Repeat every line of the data exactly; the pictures stay out.

GIVEN MATERIAL:
****
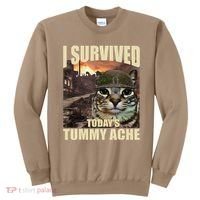 I Survived TodayS Tummy Ache Groovy Funny Cat Sweatshirt thumb 0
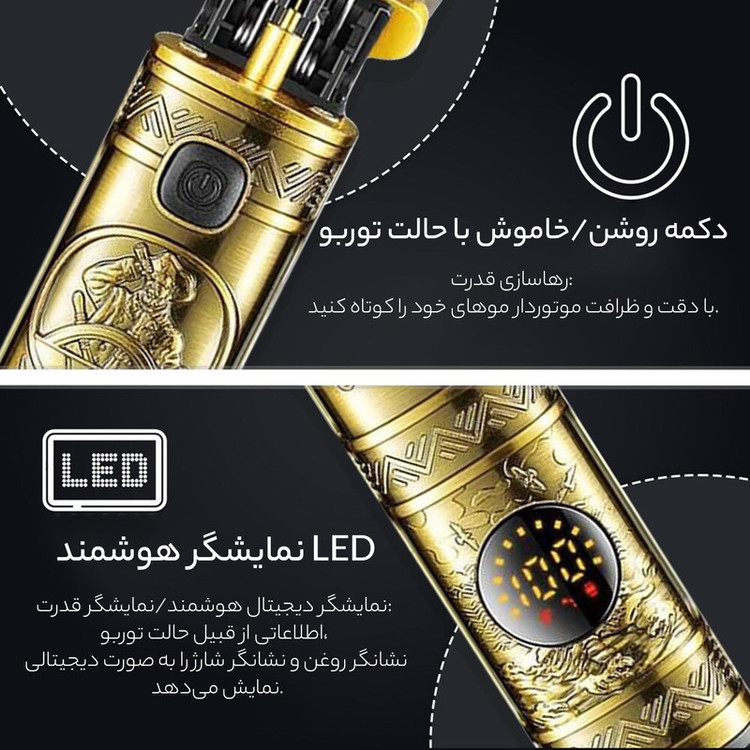 ماشین اصلاح موی صورت وی جی ار مدل V-097 با تیغه استیل ضد زنگ، موتور 6500 دور در دقیقه، قابلیت تنظیم سرعت، عملکرد توربو، نمایش وضعیت باتری و سه عدد شانه در سایزهای 1، 2 و 3 میلیمتر
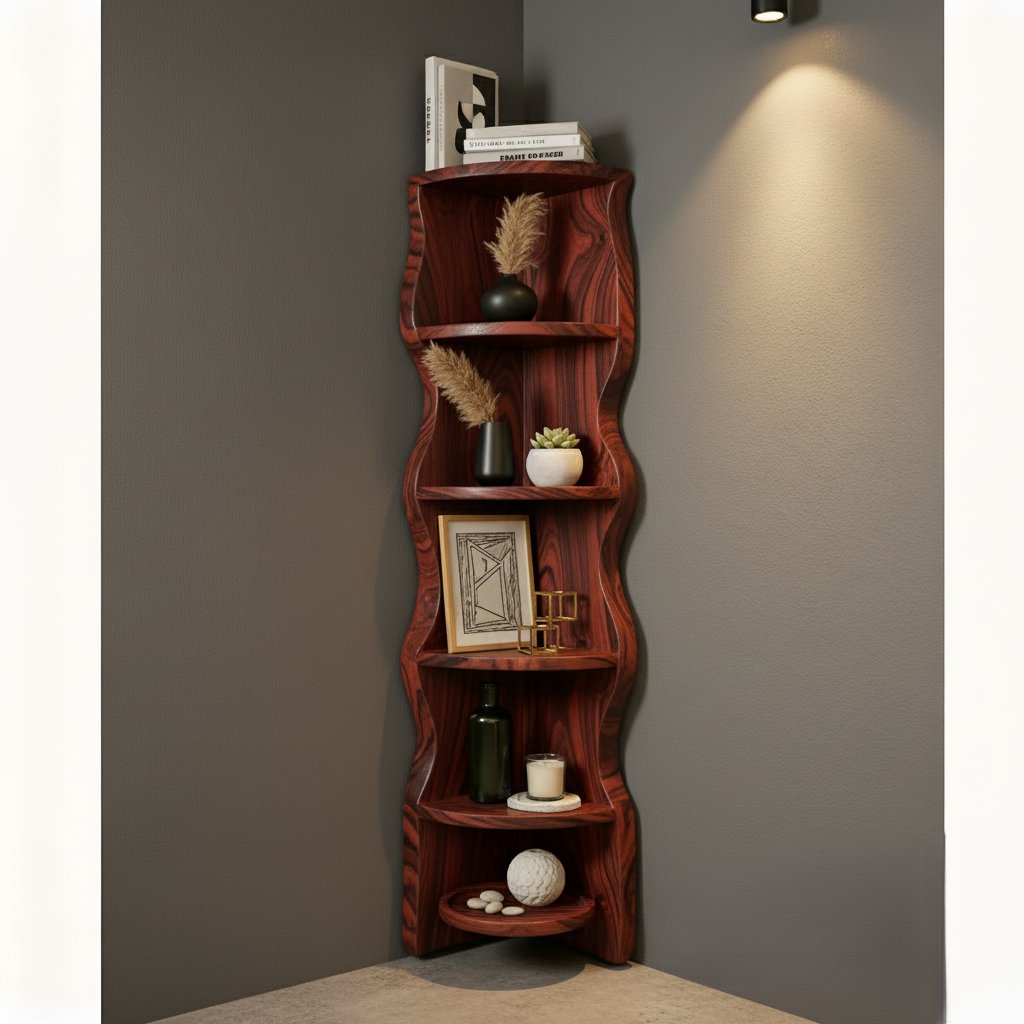 Solid Wood Tall Vertical Corner Ladder Shelf Multi-Tier for Narrow Corner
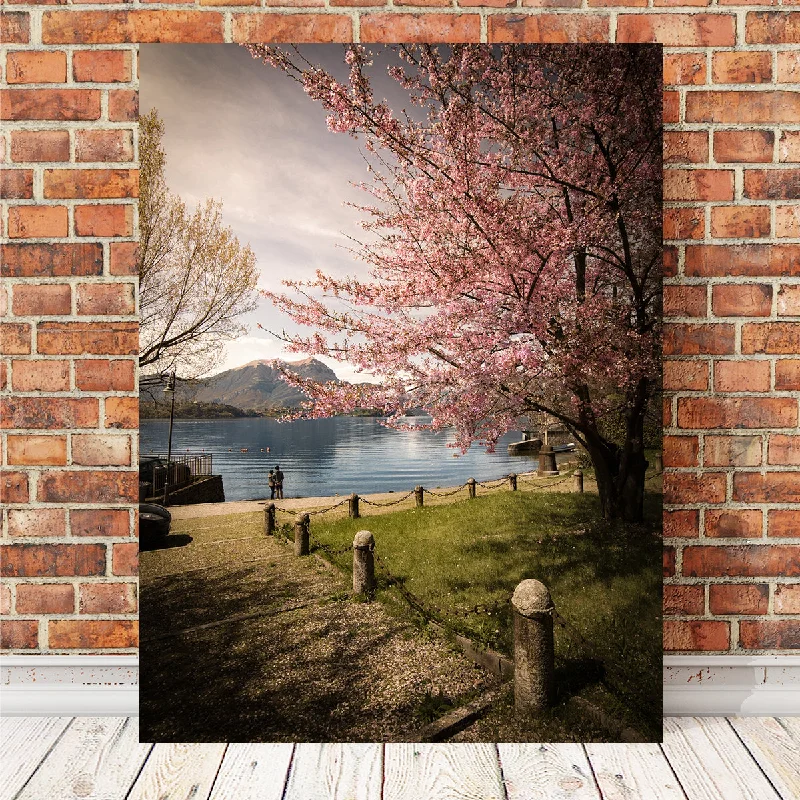 minimalist abstract wall prints-Sakura on Lake Como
****
SOLUTION BELOW:
 I Survived TodayS Tummy Ache Groovy Funny Cat Sweatshirt thumb 0
 ماشین اصلاح موی صورت وی جی ار مدل V-097 با تیغه استیل ضد زنگ، موتور 6500 دور در دقیقه، قابلیت تنظیم سرعت، عملکرد توربو، نمایش وضعیت باتری و سه عدد شانه در سایزهای 1، 2 و 3 میلیمتر
 Solid Wood Tall Vertical Corner Ladder Shelf Multi-Tier for Narrow Corner
 minimalist abstract wall prints-Sakura on Lake Como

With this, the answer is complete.